While not as fast, its typically planty for both photography buffer and all sorts of internal 10bit video recording, and on newer machines even some 4K 12bit internal compressed RAW stuff.

I wonder when will we see a true improvement in price to value over that Angelbird, and it seems like not any time soon, frankly. It absolutely dominates this sub 200 dollar category.
AngelBird CFX-B card and its reader have terrible reviews(terrible QC, bad aftersales support and firmware update requiring said Angelbird reader which costs $80). There are quite a few options for sub $200 512GB cards(Prograde, Sabrent, OWC, Transcend, Exascend and Pergear) so there already is quite a lot of competition in that segment and these cards work for most users unless they are leaning heavily in video segment in which case these high performance cards a necessity.
 
AngelBird CFX-B card and its reader have terrible reviews(terrible QC, bad aftersales support and firmware update requiring said Angelbird reader which costs $80). There are quite a few options for sub $200 512GB cards(Prograde, Sabrent, OWC, Transcend, Exascend and Pergear) so there already is quite a lot of competition in that segment and these cards work for most users unless they are leaning heavily in video segment in which case these high performance cards a necessity.
Among where I participate socially, which admittedly is camera user circles, there was almost zero complaints about both the reader and the card, sampling a few dozen cases I know of personally.

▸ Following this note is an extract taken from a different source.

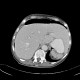 Diffuse peritonitis, dehiscence of rectal anastomosis: CT - Computed tomography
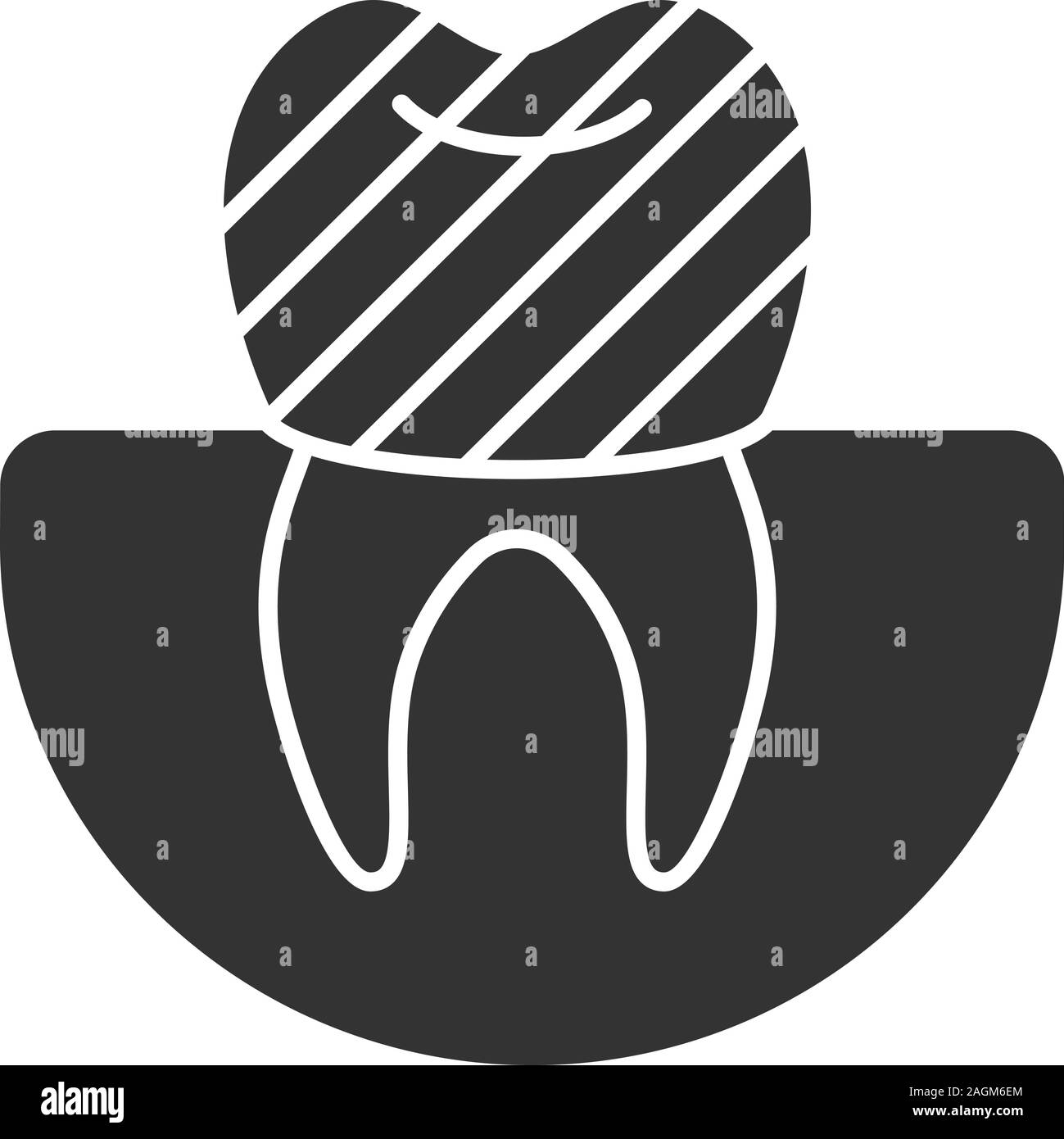 Dental crown glyph icon. Tooth restoration. Silhouette symbol. Negative space. Vector isolated illustration Stock Vector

Its important to remember that anything popular with have an abundance of terrible reviews out of sheer popularity. The only case I know of a faulty card among the circles I participate was physical damage as a result of dropping it.

Regarding the reader - not buying the ProGrade SD + CFXB one is a poor choice, and that's all I gotta say. Best 60 bucks ive ever spent on a piece of camera related equipment.